Kurt Vile’s Philadelphia’s Been Good to Me: A Tenth Album as If It Were the Last

May 27, 2026

The eternal Philadelphia slacker returns with a very beautiful, soothing album, where dreamy indie-folk and introspective loops contemplate the passing of time.

The title is misleading. No, 99th Song is not Kurt Vile’s 99th song, whose rich solo discography, officially launched in 2008 and continually expanding, allows him to confidently claim a lineage over more than 150 tracks (and that’s not even counting the young man’s early rough demos that must rest on a host of tapes and other hard drives).

Seventh track on Philadelphia’s Been Good To Me — and the longest title on the record — 99th Song actually refers to the final moments available on a looper, that effects pedal which allows any musician to endlessly record sound loops.
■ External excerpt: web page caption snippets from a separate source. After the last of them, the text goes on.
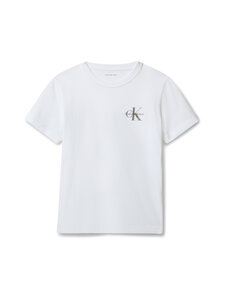 Calvin Klein Kids - Chest Monologo t-krekls - YAF BRIGHT WHITE | Stockmann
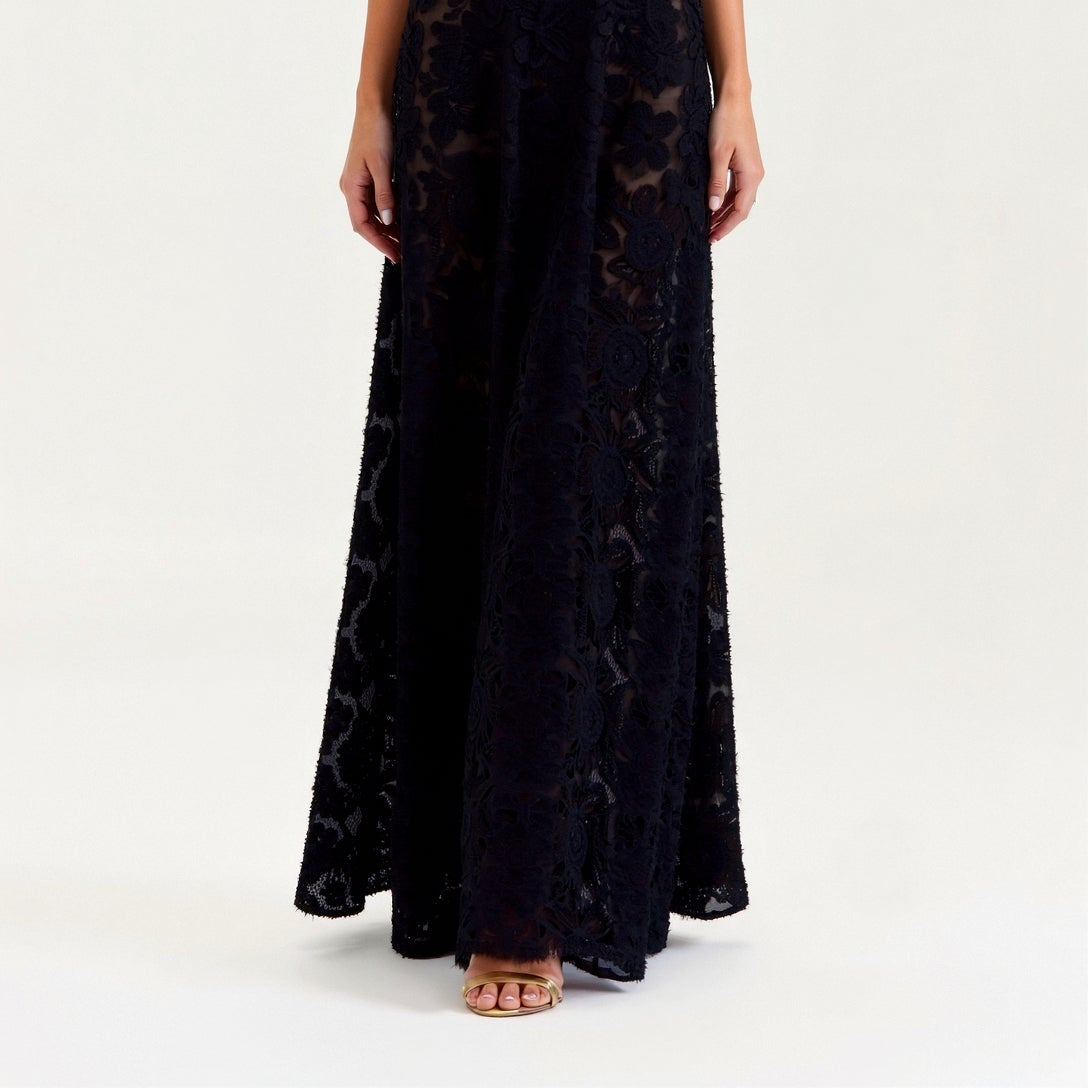 Donna Women's Bustier Maxi Dress – Elegant Wedding Guest Gown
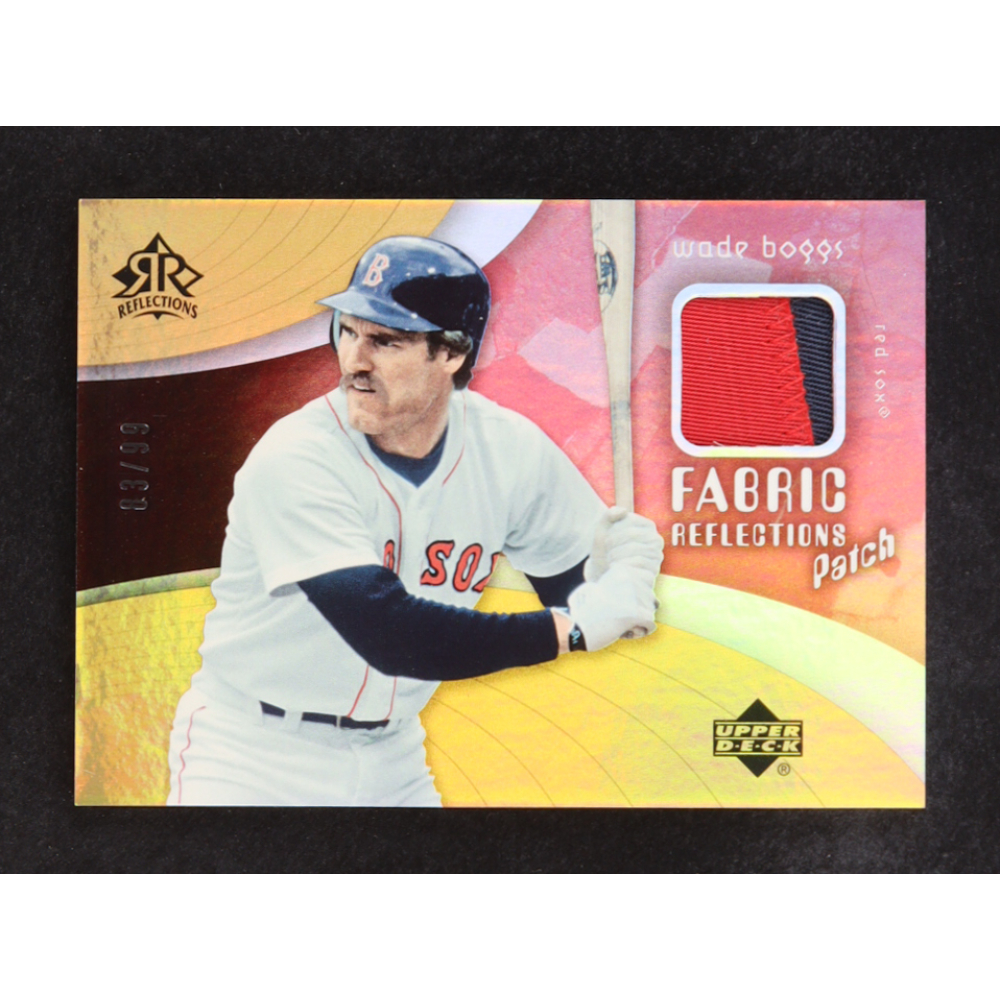 Wade Boggs 2005 Reflections Fabric Patch #WB #83/99 at PristineAuction.com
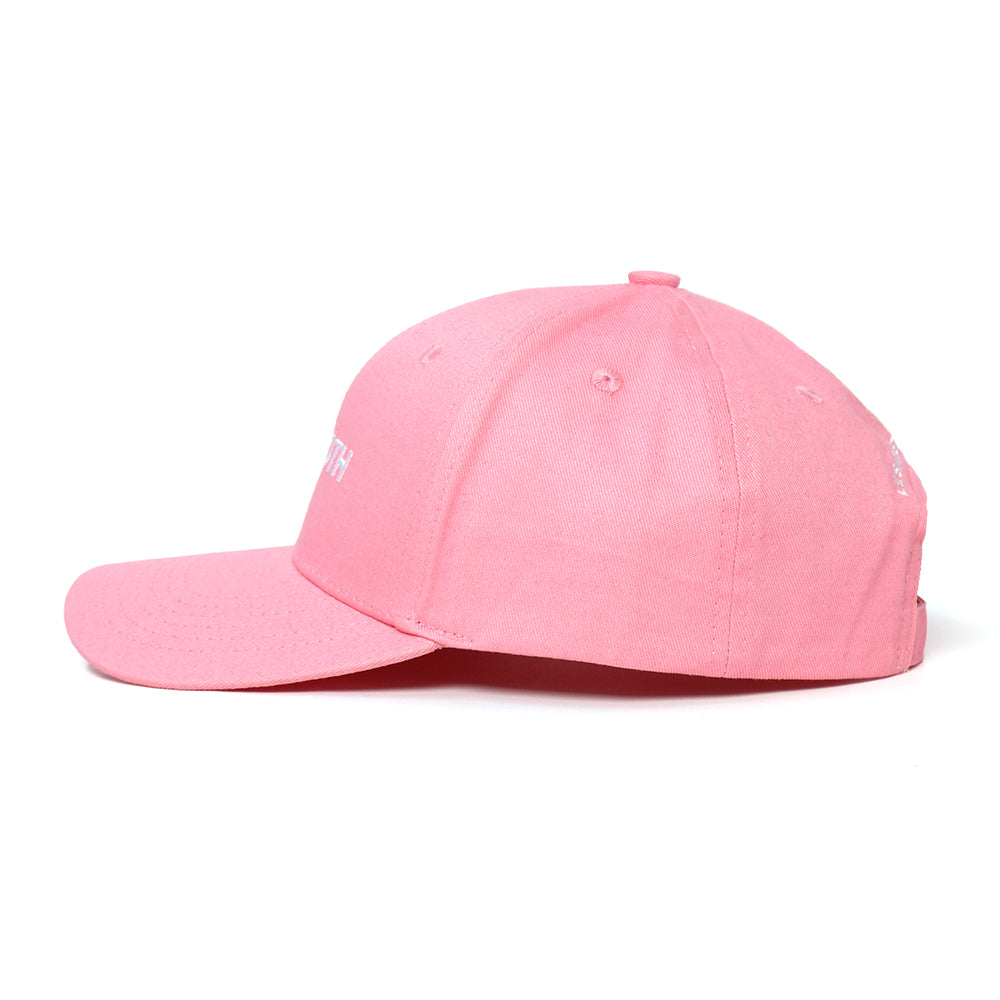 Casquette Rose en Coton avec Intérieur en Satin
Bad luck for the American, as its capacity runs out here, due to a limited storage drive and, more importantly, an end-of-life moment. “This is the 99th song on my red looper. The last track that’s possible before the software explodes. The mainframe of my memory, from my brain, but also my pedal,” he sings before adding, “It appears to be my last move.”

All it takes is a few words for that tiny electronic device to take on an existential turn. It is the poetry of the ordinary, the metaphysics dear to Kurt Vile, taking shape as the chord loops cascade and the guitars stubbornly insist on playing until the end finally rings out.

Ville Sum

The tenth full-length by the self-styled “hitmaker,” Philadelphia’s Been Good To Me, is clearly recorded as if it were the author’s last record. Dreamy and introspective, melancholic yet soothing, it strings together epic-long songs where the slackers’ nonchalance has become mischievous wisdom. It brings together the family cocoon and those precious late-night home-studio sessions (Holiday OKV), memories more or less intact (the smoky-blues of 99 BPM) and other rock’n’roll nights from the good old days (the Stones-like Chance to Bleed). And all around it, Philadelphia.

Its streets, its places and its river, whose name is “always so hard to spell,” “polluted like never.” Its souls that have never left him, those who have departed, and even the Boss and the Loner, these two heroes “who don’t come from around here” yet drew inspiration from him as well (You Don’t Know Coz It’s My Life and its nod to the Philadelphia film soundtrack, composed by Bruce Springsteen and Neil Young in 1993).

For Kurt Vile, if Philadelphia’s Been Good To Me is to be his last, then he might as well make sure that each of its songs sounds as if it would never come to an end. If not, another looper might be necessary.

Philadelphia’s Been Good To Me (Verve/Universal). Released May 29. Live shows at La Route du Rock, Saint-Malo, on August 15 and at Rock en Seine, Saint-Cloud, on the 28th.